Better communication through data / about / archive

Philosophers vs Ad Men

363 words | ~2 min

Today I stumbled across a blog post (from 2012) containing a typically un-thoughtful set of accusations against advertising. Brace yourself for the usual...

Some advertising – such as that outside my village for a Cub Scout jumble sale at the weekend – is not only harmless, but useful. It informs us of things we didn’t know and which we often find it helpful to know. But most advertising is not like this. It is what is often called ‘persuasive’ rather than informative, aiming at directing our choices in ways of which we’re often quite unaware... We may be consiously aware of it, but it leads us without our realizing it to make purchasing decisions on the basis of considerations which we could not accept as relevant were they made transparent to us. There are various reasons for favouring one after-shave over another: aroma, price, healing properties. The fact that a link between the after-shave and excitement has been established in my mind through exposure to ads showing, alongside images of the product, someone surfing is not one of them.

Persuasive advertising, then, undermines our capacity for autonomy or rational self-government. It might seem remarkable that citizens of modern democratic societies allow businesses to do this to them.

What astonished me was not the argument, but its source. This post was written by Roger Crisp, who is Professor of Moral Philosophy at Oxford and a fellow at the university's Centre for Practical Ethics (on whose blog it appeared).
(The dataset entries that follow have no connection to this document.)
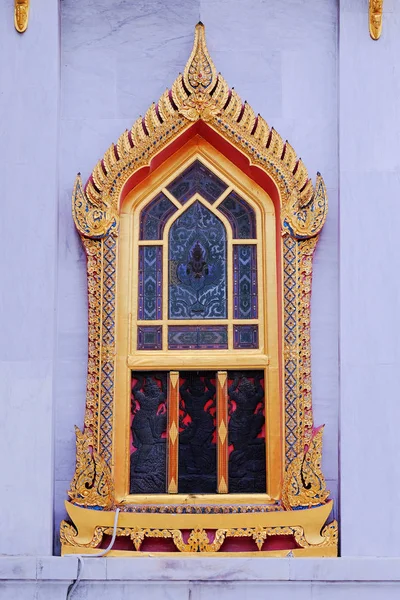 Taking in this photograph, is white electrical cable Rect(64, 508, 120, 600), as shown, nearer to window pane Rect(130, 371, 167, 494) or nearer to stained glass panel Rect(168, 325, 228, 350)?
window pane Rect(130, 371, 167, 494)

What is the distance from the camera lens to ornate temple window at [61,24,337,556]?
679 centimetres

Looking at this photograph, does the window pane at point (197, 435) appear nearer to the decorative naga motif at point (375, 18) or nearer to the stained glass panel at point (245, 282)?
the stained glass panel at point (245, 282)

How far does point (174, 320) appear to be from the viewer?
720cm

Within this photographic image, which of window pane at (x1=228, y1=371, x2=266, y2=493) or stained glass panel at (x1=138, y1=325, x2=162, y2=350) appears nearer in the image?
window pane at (x1=228, y1=371, x2=266, y2=493)

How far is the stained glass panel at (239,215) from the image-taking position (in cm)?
736

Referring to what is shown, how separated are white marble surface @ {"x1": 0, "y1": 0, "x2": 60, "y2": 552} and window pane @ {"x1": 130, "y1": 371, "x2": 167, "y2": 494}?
2.05ft

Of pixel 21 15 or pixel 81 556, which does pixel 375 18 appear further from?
pixel 81 556

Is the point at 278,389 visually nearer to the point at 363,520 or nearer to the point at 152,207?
the point at 363,520

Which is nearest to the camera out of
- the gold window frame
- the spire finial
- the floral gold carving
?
the floral gold carving

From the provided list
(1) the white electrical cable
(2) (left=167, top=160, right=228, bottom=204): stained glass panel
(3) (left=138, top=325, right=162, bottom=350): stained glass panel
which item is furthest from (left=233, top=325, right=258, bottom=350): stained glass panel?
(1) the white electrical cable

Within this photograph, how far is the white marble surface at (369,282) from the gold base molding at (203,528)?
7.7 inches

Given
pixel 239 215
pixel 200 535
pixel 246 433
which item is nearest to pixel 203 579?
pixel 200 535

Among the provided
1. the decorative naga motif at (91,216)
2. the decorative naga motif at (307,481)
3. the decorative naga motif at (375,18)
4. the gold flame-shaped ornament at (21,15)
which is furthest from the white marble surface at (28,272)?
the decorative naga motif at (375,18)

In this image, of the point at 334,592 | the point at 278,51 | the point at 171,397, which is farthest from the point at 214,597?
the point at 278,51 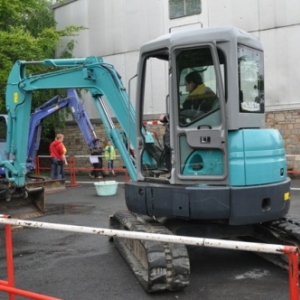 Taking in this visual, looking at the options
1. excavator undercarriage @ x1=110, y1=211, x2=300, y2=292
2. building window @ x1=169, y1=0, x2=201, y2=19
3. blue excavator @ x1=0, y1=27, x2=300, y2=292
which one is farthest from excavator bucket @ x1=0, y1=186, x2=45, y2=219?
building window @ x1=169, y1=0, x2=201, y2=19

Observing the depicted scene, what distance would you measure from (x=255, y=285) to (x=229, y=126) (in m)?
1.89

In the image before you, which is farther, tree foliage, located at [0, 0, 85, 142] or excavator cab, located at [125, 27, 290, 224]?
tree foliage, located at [0, 0, 85, 142]

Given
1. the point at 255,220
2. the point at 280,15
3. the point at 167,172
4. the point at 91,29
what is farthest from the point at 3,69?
the point at 255,220

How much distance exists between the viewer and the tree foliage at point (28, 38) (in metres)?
16.7

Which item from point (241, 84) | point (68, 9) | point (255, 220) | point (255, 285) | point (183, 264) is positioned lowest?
point (255, 285)

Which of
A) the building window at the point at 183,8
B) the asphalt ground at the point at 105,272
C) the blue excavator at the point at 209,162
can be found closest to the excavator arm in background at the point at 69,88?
the blue excavator at the point at 209,162

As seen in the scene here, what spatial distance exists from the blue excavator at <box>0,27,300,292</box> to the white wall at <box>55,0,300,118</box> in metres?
8.17

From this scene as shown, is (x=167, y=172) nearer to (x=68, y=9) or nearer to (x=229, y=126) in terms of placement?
(x=229, y=126)

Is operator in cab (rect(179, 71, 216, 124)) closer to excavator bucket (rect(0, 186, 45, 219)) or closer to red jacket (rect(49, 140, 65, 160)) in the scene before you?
excavator bucket (rect(0, 186, 45, 219))

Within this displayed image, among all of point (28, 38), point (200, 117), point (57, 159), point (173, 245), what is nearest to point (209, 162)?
point (200, 117)

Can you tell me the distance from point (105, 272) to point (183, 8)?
46.8 feet

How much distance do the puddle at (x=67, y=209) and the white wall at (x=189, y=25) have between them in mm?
3768

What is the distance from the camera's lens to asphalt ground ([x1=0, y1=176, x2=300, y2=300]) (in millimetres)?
5512

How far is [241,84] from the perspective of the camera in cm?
582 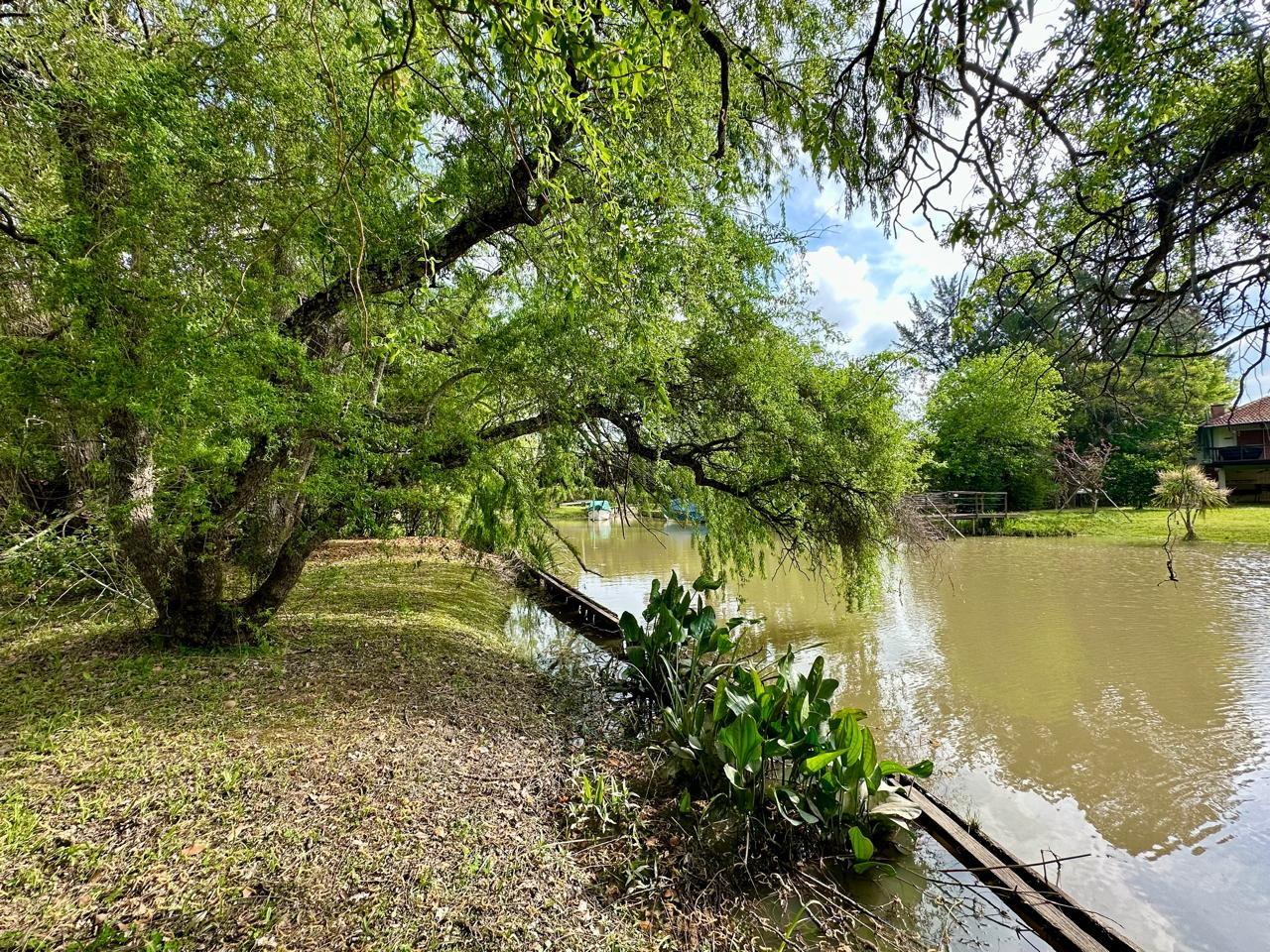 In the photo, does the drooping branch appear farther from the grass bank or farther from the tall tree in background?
the tall tree in background

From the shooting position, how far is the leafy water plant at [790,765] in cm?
268

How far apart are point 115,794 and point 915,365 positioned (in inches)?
272

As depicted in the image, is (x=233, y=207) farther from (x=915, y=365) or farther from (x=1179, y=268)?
(x=915, y=365)

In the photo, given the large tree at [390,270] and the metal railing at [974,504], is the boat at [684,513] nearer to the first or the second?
the large tree at [390,270]

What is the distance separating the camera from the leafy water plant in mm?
2678

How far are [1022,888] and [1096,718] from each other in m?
3.26

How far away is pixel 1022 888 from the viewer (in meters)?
2.41

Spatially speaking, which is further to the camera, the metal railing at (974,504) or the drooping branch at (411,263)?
the metal railing at (974,504)

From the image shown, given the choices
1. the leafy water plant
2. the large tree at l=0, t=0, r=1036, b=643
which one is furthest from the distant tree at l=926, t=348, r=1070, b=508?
the leafy water plant

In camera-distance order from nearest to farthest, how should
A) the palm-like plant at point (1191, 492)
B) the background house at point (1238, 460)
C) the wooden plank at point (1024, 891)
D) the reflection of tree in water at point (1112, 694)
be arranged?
the wooden plank at point (1024, 891)
the reflection of tree in water at point (1112, 694)
the palm-like plant at point (1191, 492)
the background house at point (1238, 460)

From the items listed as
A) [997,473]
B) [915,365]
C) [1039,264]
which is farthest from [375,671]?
[997,473]

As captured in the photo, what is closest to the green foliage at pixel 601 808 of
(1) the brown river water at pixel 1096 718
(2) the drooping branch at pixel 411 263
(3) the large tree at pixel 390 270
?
(1) the brown river water at pixel 1096 718

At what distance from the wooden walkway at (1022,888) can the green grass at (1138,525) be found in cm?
1517

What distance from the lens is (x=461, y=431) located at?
4.35m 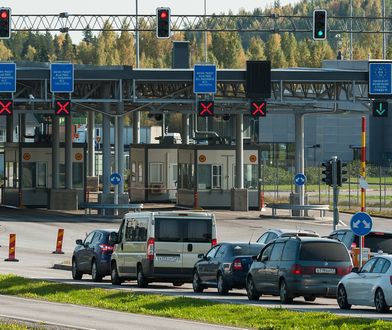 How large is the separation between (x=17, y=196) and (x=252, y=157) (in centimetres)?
1288

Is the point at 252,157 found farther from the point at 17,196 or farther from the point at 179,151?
the point at 17,196

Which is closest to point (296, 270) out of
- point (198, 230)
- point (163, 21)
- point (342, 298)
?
point (342, 298)

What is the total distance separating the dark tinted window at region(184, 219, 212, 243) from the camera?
3638 centimetres

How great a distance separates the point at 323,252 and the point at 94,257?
33.2 feet

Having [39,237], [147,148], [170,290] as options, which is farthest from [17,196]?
[170,290]

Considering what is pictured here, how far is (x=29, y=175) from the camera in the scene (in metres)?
77.9

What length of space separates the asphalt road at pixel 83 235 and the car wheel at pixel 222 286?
0.64 feet

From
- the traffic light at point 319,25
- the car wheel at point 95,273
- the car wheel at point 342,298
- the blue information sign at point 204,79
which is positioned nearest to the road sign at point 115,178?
the blue information sign at point 204,79

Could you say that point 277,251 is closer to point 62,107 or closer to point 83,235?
point 83,235

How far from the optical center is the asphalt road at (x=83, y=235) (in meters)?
33.6

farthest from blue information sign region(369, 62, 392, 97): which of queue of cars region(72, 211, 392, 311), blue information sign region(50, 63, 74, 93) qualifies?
queue of cars region(72, 211, 392, 311)

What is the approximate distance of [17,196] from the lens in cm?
7856

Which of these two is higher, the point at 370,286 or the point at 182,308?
the point at 370,286

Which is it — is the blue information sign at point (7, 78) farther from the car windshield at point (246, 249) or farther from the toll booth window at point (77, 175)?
the car windshield at point (246, 249) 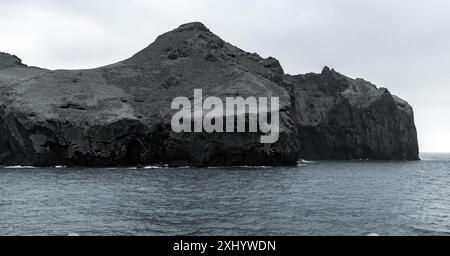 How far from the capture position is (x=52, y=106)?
131250 millimetres

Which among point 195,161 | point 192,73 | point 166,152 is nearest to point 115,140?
point 166,152

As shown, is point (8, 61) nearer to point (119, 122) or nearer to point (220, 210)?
point (119, 122)

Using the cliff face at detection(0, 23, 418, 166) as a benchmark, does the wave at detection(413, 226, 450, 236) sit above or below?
below

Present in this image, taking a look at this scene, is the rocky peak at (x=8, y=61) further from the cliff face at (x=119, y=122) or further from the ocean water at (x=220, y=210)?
the ocean water at (x=220, y=210)

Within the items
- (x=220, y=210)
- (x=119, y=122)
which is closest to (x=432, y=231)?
(x=220, y=210)

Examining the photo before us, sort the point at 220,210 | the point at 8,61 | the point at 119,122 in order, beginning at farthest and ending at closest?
the point at 8,61
the point at 119,122
the point at 220,210

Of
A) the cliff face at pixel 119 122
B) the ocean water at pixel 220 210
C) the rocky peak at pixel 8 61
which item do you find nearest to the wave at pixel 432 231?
the ocean water at pixel 220 210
I find it almost unbelievable that advertising and academia have so little in common that it's possible to get away with such lazy accusation-throwing about one field by someone so eminent in the other. An academic philosopher who wrote 'most businesses are evil', or 'most information technology has no social value', would rightly be challenged by colleagues in business schools or computer laboratories.

Advertising is a hugely influential, well-established social activity and a hugely valuable part of the economy - and its interactions and effects are far from simple. Whether its workings make you feel a bit icky or not, surely it deserves a higher standard of inquiry than this?